"When you start hearing the explosions getting closer to you, it is heart-wrenching. It is so scary."
Thankfully for Obi Ojimadu and his family, they no longer see or hear bombs on the street - even if such memories of their flight from Ukraine do still affect them mentally.
The Nigeria-born football coach, his wife and three teenaged children are now in Hungary, having endured a fear-laden journey from the eastern city of Kharkiv which started just days after the Russian invasion on 24 February.
Ojimadu, who worked for Shakhtar Donetsk, says his children - aged 18, 15 and 13 - are still "traumatised" by their recent experiences.

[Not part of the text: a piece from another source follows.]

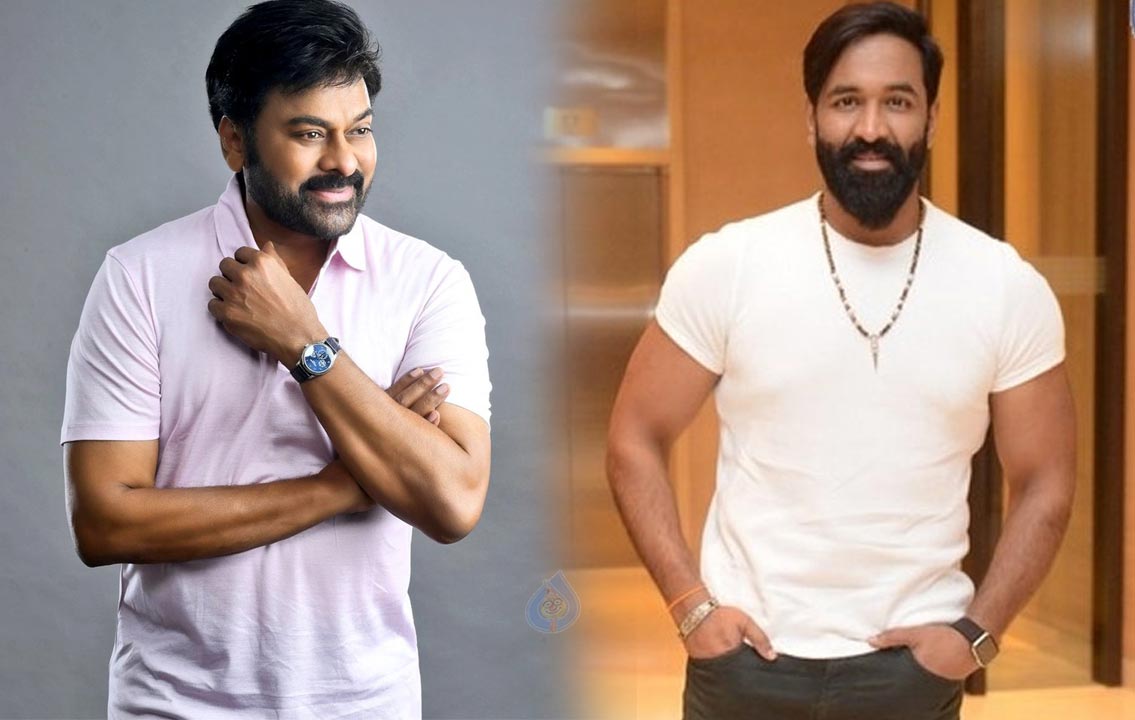 Chiranjeevi-Manchu Vishnu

"When we were in the basement of our house, the trauma was so much that any slight noise keeps you on edge," Obi Ojimadu told BBC Sport Africa.
"You know the kind of stress one can go through, especially for kids.
"The apprehension was like even if a spoon falls, you get scared. The door closes, you get scared. Every little noise, you are scared, you think it is a rocket or bomb.
"Even when we moved from Ukraine, everything made us scared. Right here now in Hungary, the trauma is still there.
"If you hear any kind of noise or a car passing or a helicopter flying by, you will be wondering what that is. So, you have all these apprehensions."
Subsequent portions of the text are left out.